In baseball and in life, to advance a career you need to go through training and practice. When you get to major leagues, you have left behind a great deal of competitors and have develop a set of skills that allow you to be successful. This is similar to knowing when to use developer boards or industrial boards.
Originally, developer boards, like Raspberry PI, Jetson Nano, and Arduino, were created for education and product prototyping. This means that these boards include all main features of a micro-controller or micro-processor in a single board reducing time and money involved while prototyping products. In addition, these boards allow students to easily work on school projects to develop skills and knowledge they will require in their future careers.
However, when it is time for mass production, developer boards can oversize hardware components for the specific application. They can add hidden material costs and complexity to manufacturing. Furthermore, some developer boards are not equipped to withstand industrial harsh conditions.
Below you will find details about the application of developer and industrial boards.
As we said before, these boards were created for educational purposes.
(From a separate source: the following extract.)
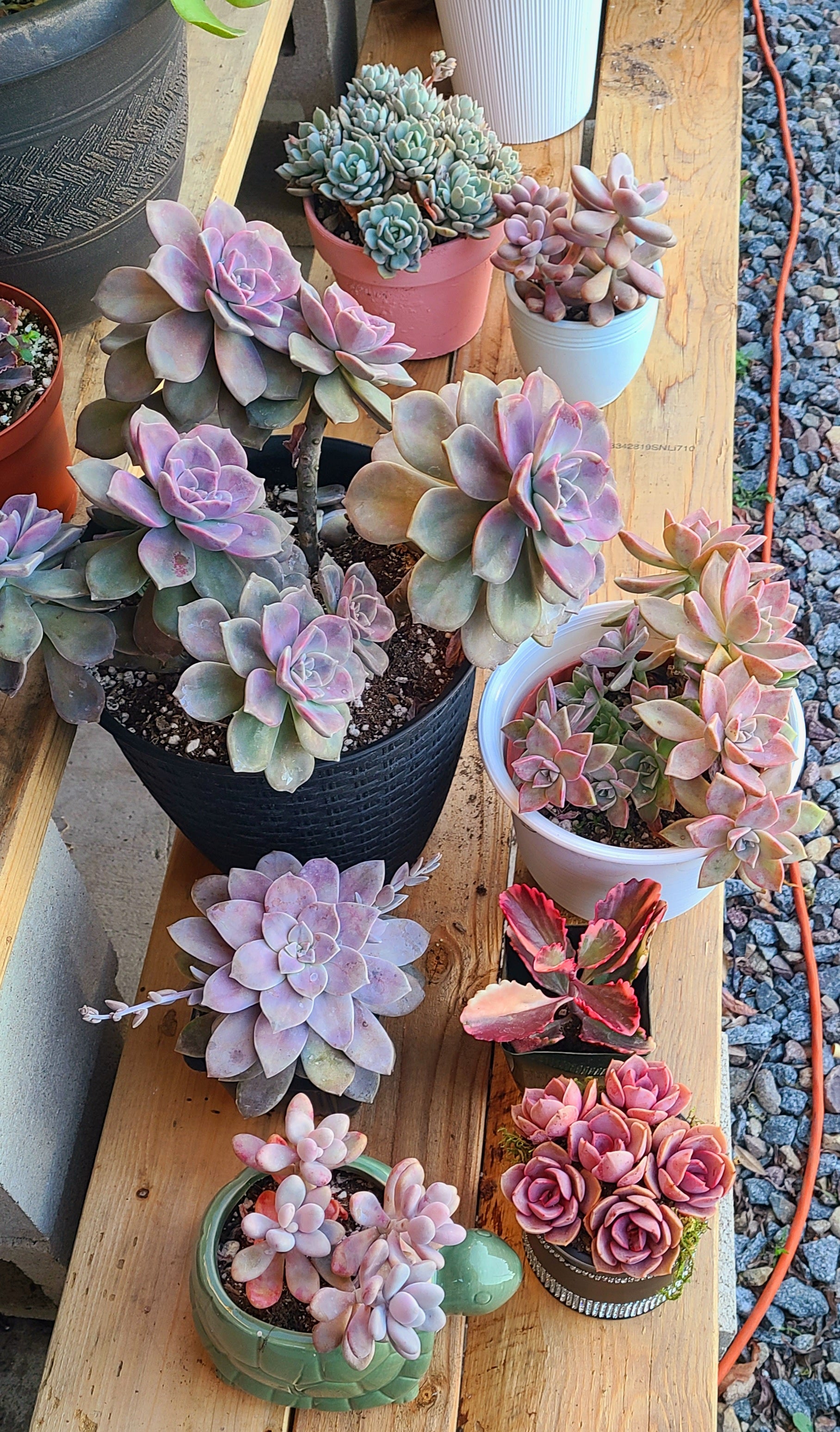echeveria succulent purple Echeveria Purple Delight – AceMegaSucculents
They feature good processing capabilities, small footprints, and standard IO options, plus they are cost effective. Engineers are usually comfortable using them because they have applied them in their school projects.
The problem arrives when you are leaving the prototyping phases behind, and your product is reaching mass production. We will discuss more about this in the next section.
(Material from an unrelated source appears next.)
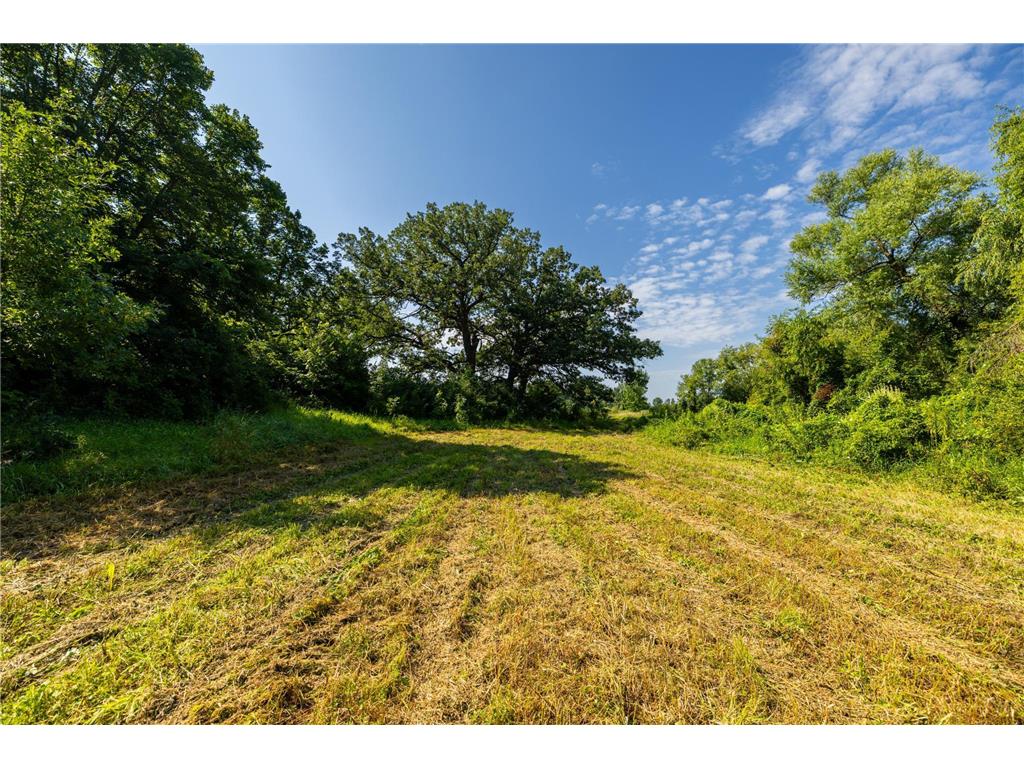 9380 County Road 51 Waconia Twp MN 55322 - Patterson 6769922 image10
There are a couple of applications for developer boards in the industry. The first one is legacy equipment. If you want to connect this equipment to the Internet for monitoring or want to add new automation features, you probably will want to use a cost-effective solution. In this case, you are not developing a new product. You are retrofitting existing equipment in your facilities to leverage the remaining usable life.
The second consists of low volume production runs. If your product is designed for mechanical products, like conveyor belts, in specific locations, you will probably build less than 20 final products. In that case, the cost of designing a custom industrial board is not justifiable when you can add industrial protections and features to a developer board. Within this type of applications, you might also find that if your production runs are going to be less than 500 units at a time, the custom industrial board costs can’t be diluted per unit. In that case, you might still include developer boards with industrial features.
Note that typically developer boards are not able to withstand harsh environments in terms of dust, water, or high temperatures, simply because they were not created for these and lack the required protections. Hold on! There is a solution for that!
Some hardware OEMs are aware of these applications and have developed HAT (Hardware Attached on Top) Cards that will allow easy installation of developer boards within industrial equipment. These cards facilitate IO connections and offer a power supply within a regular industrial range.
For example, Raspberry PI works with 5 Volts and its pins use 3.3 Volts. In an industrial environment, it is possible that the electromagnetic noise compromises communication signals. This also means that the board does not offer enough power to carry signals to sensors or correctly activate actuators. However, if you install HAT cards, you can overcome these issues.
Once your product is ready for the major leagues, it is time to change the developer boards for industrial solutions. As a result, you will work with an experienced OEM to review requirements to make sure you get rid of unnecessary features for your application and that you meet industrial features. In fact, you need to source boards that can work between 12-34 volts (24 Volts ideally) both in the input and output.
You will also adapt footprint and study industrial standards and protections. Finally, you can analyze your whole product offering to see untapped potential to re-design several boards. If you use the same board for several products, you can improve inventory management and reduce costs. This is particularly important with the current market conditions. Read a success story here.
That is the secret, if you control the design and partner alongside a trustworthy OEM, you manage the lifecycle of your product which translates in capital and operating expenses savings. Consequently, you will reduce manufacturing complexity and reduce the amount of inventory to hold on your facilities.
Let’s not forget about user experience. Industrial solutions tailored to your application will perform best. They were designed and created for your specific software and offer 100% compatibility with your system. In short, when you use customized industrial solutions, you are looking for a business partner that helps you navigate certifications and guarantee availability of components for longer periods.
Both developer and industrial boards are necessary and important. They are just used in specific applications. This is where you need to be careful. Just like the minor and major leagues need each other, at some point you will have to work with developer and industrial boards. Just keep in mind your objective and the specific requirements of your application to guarantee that you are leveraging your investment to the fullest.